**Exercise goal:** For this exercise, reproduce only the lines from the one holding "Kate Middleton e il mistero dei cerotti" through the final line of the data below, exactly, and omit pictures.

**Scraped caption text data:**

────────────────

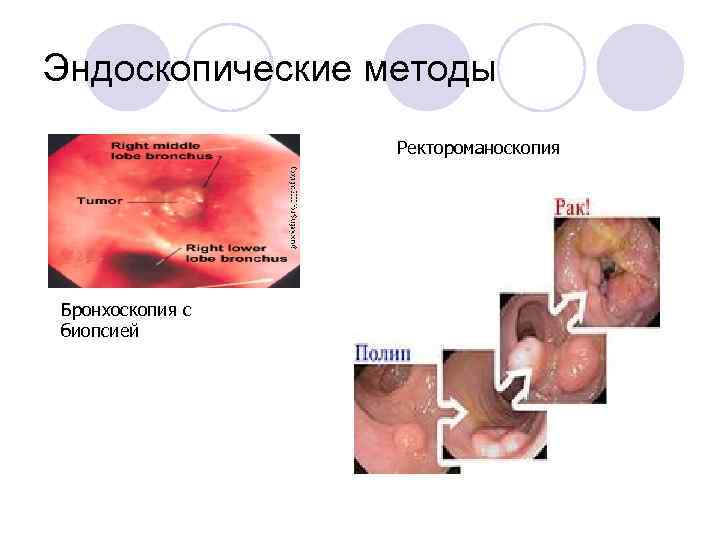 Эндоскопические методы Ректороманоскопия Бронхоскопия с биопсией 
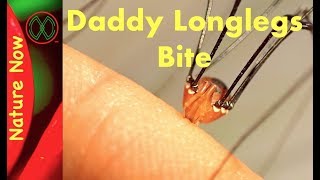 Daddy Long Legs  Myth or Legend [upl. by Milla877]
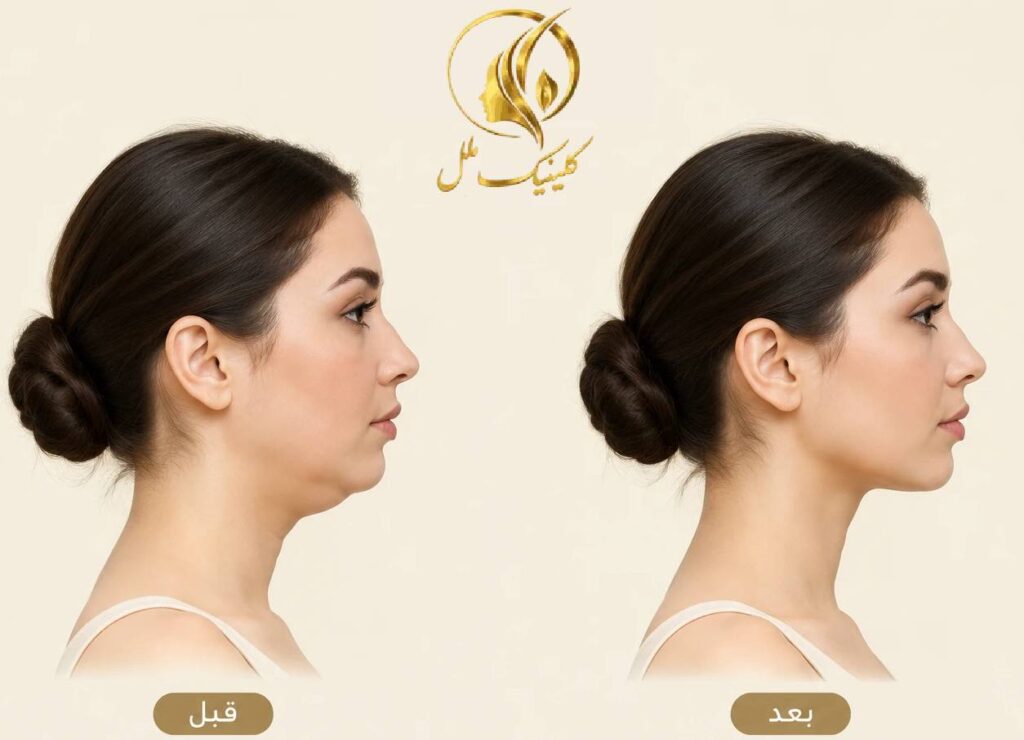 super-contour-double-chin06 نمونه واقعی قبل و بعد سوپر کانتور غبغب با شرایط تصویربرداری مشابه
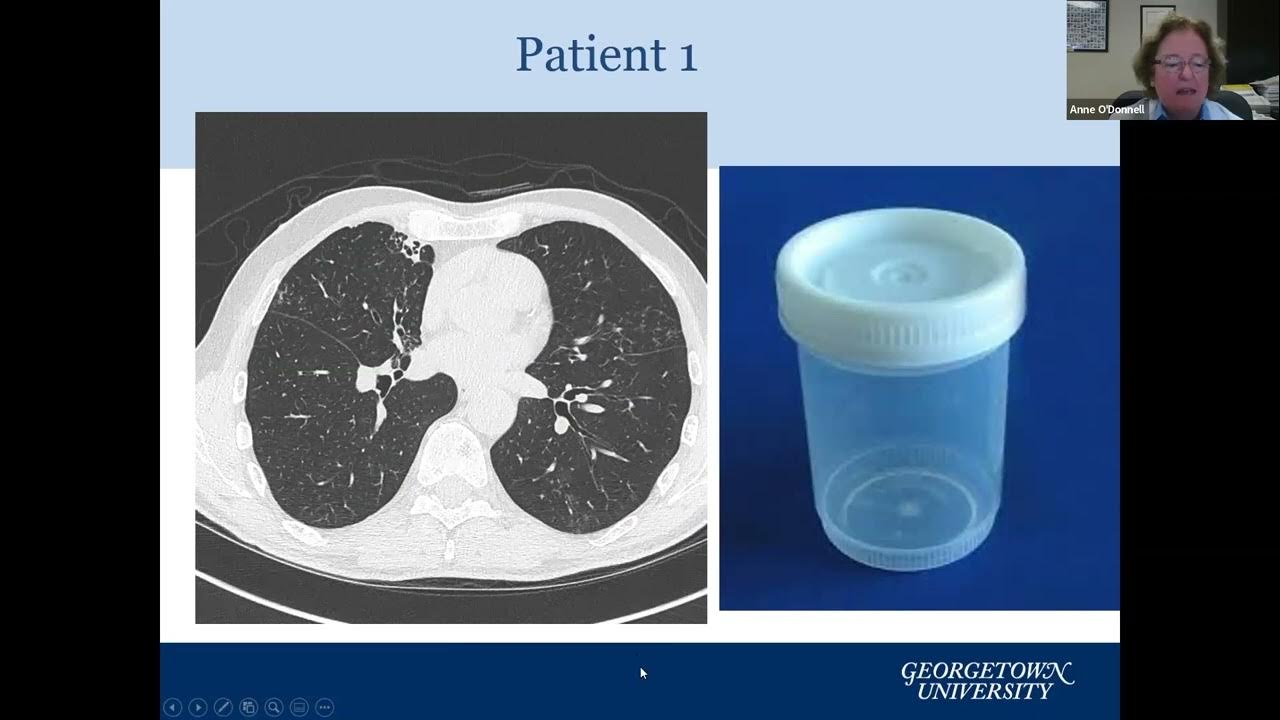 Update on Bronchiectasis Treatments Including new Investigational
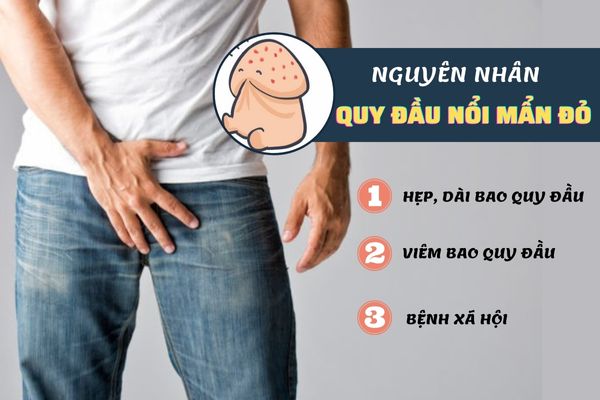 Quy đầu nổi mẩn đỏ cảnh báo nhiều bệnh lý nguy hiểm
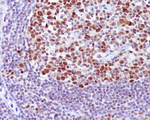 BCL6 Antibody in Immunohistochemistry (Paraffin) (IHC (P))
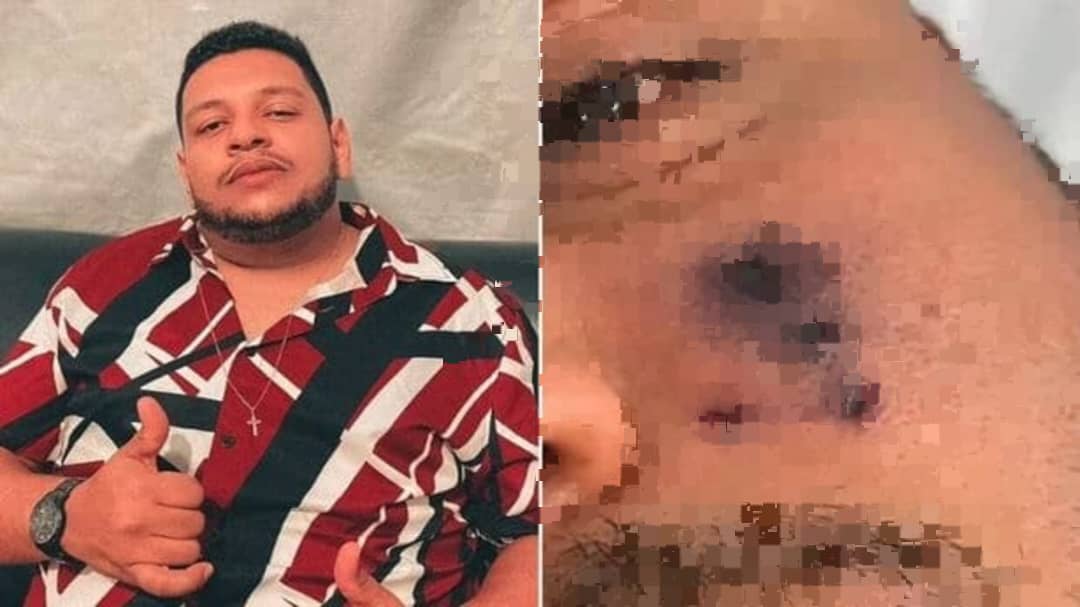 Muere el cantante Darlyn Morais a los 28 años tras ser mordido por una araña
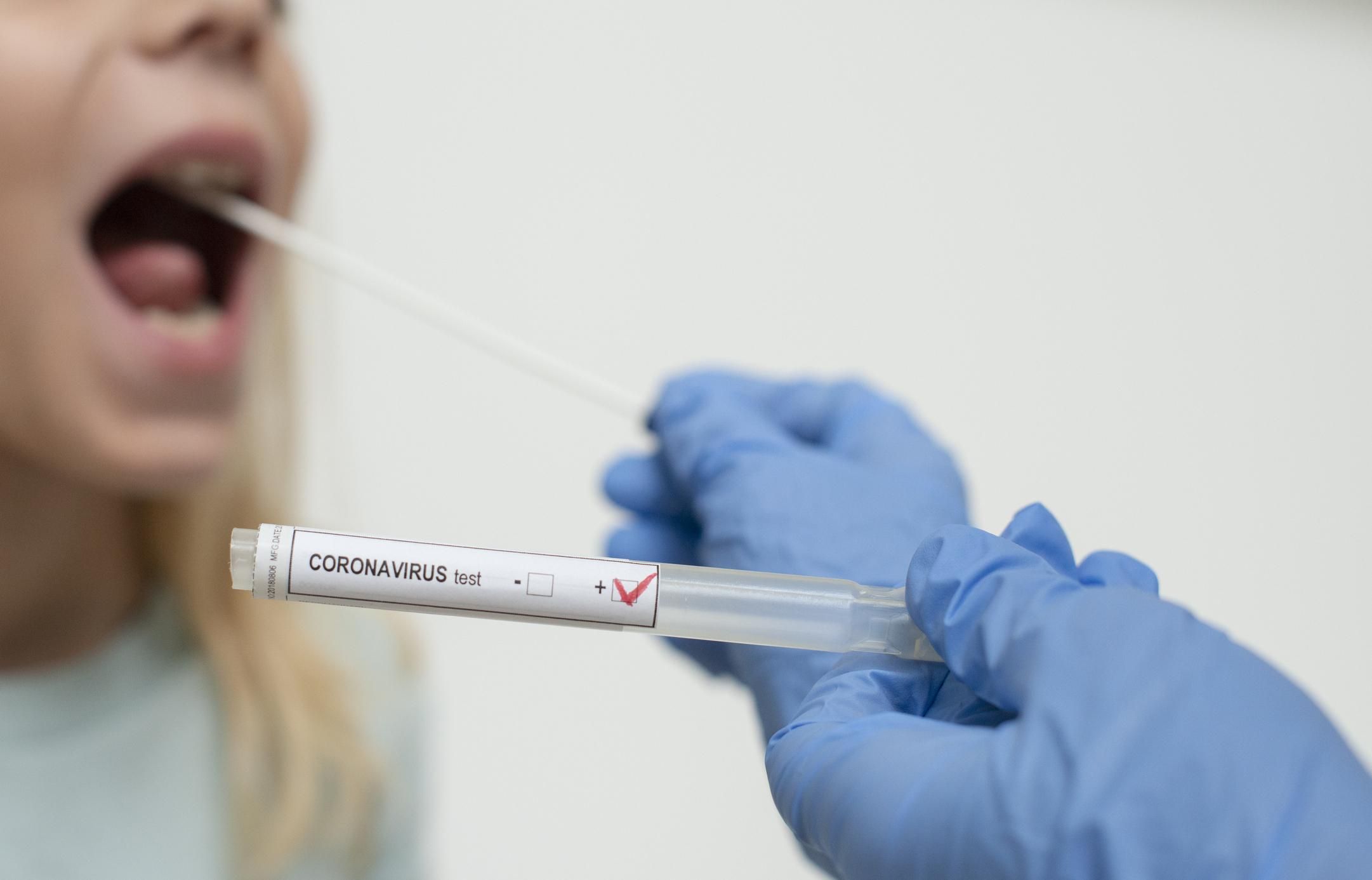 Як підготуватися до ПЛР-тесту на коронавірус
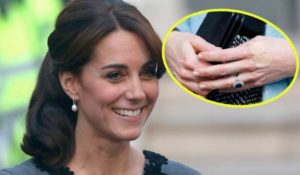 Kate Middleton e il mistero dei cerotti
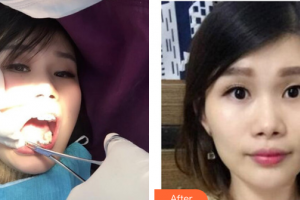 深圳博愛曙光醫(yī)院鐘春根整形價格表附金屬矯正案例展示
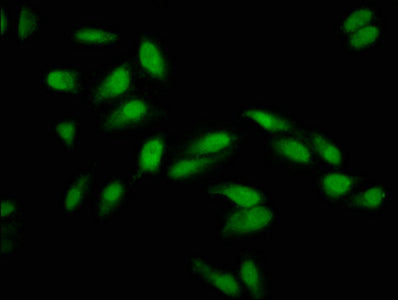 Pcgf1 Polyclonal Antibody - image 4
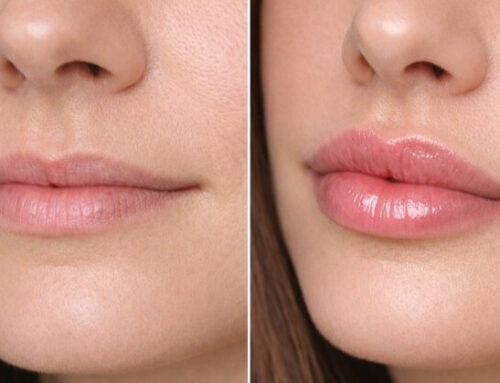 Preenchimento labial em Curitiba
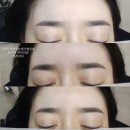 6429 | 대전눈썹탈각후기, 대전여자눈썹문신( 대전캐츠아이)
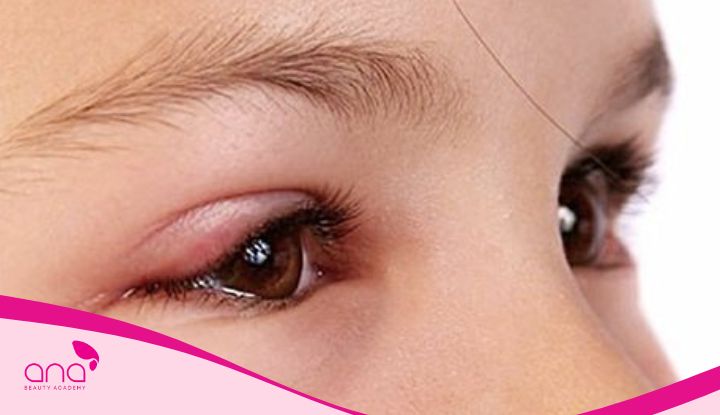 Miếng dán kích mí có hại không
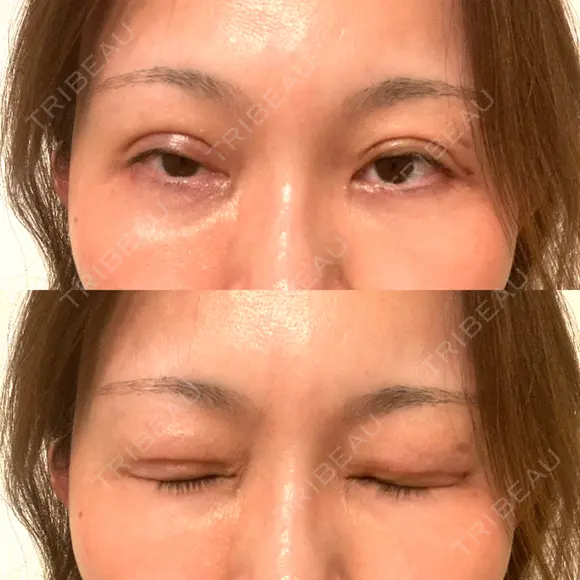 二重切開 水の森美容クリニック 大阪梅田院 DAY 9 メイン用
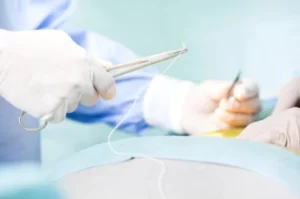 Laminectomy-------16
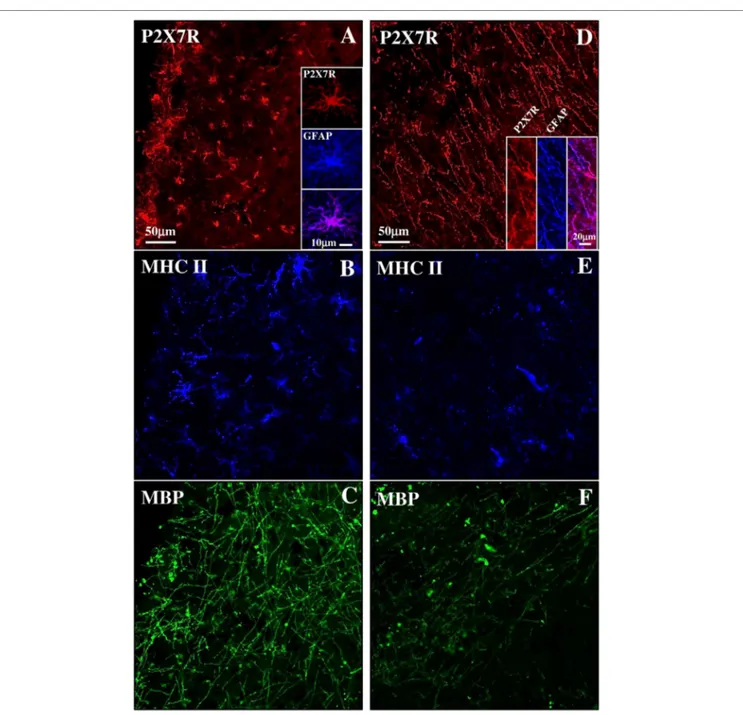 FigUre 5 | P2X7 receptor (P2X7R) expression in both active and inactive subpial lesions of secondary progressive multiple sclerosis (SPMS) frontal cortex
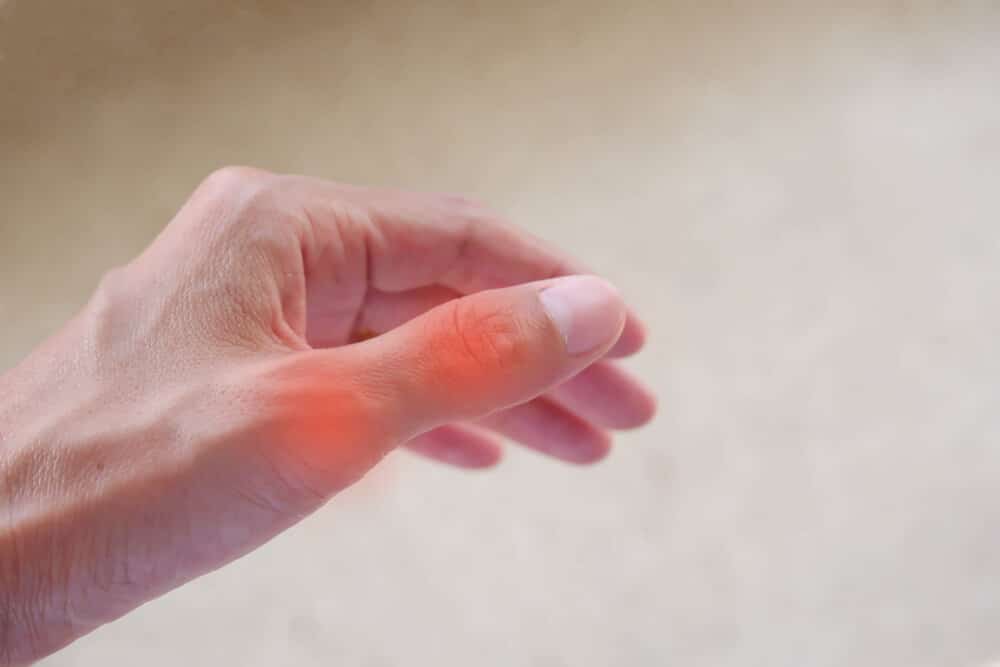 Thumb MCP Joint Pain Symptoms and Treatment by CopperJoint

────────────────

**Exercise response:**
 Kate Middleton e il mistero dei cerotti
 深圳博愛曙光醫(yī)院鐘春根整形價格表附金屬矯正案例展示
 Pcgf1 Polyclonal Antibody - image 4
 Preenchimento labial em Curitiba
 6429 | 대전눈썹탈각후기, 대전여자눈썹문신( 대전캐츠아이)
 Miếng dán kích mí có hại không
 二重切開 水の森美容クリニック 大阪梅田院 DAY 9 メイン用
 Laminectomy-------16
 FigUre 5 | P2X7 receptor (P2X7R) expression in both active and inactive subpial lesions of secondary progressive multiple sclerosis (SPMS) frontal cortex
 Thumb MCP Joint Pain Symptoms and Treatment by CopperJoint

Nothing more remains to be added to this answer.